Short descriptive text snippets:
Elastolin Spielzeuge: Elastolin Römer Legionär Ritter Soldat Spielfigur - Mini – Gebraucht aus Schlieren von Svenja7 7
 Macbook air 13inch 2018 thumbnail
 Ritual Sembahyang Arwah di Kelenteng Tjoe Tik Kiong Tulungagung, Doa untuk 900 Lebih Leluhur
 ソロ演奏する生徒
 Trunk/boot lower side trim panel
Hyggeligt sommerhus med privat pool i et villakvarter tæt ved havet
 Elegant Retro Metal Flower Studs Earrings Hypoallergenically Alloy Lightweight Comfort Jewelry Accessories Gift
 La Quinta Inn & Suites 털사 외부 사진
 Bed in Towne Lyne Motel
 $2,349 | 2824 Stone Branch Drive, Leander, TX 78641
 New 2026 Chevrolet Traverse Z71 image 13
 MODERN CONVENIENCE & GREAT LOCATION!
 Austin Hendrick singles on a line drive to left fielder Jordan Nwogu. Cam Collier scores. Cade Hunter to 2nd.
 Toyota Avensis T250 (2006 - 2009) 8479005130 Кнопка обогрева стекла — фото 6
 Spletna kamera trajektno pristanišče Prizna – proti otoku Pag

### Exercise instructions
From the line that has "Bed in Towne Lyne Motel" through the line that has "MODERN CONVENIENCE & GREAT LOCATION!", copy every line exactly as it appears above, and leave out all others.

### Solution
 Bed in Towne Lyne Motel
 $2,349 | 2824 Stone Branch Drive, Leander, TX 78641
 New 2026 Chevrolet Traverse Z71 image 13
 MODERN CONVENIENCE & GREAT LOCATION!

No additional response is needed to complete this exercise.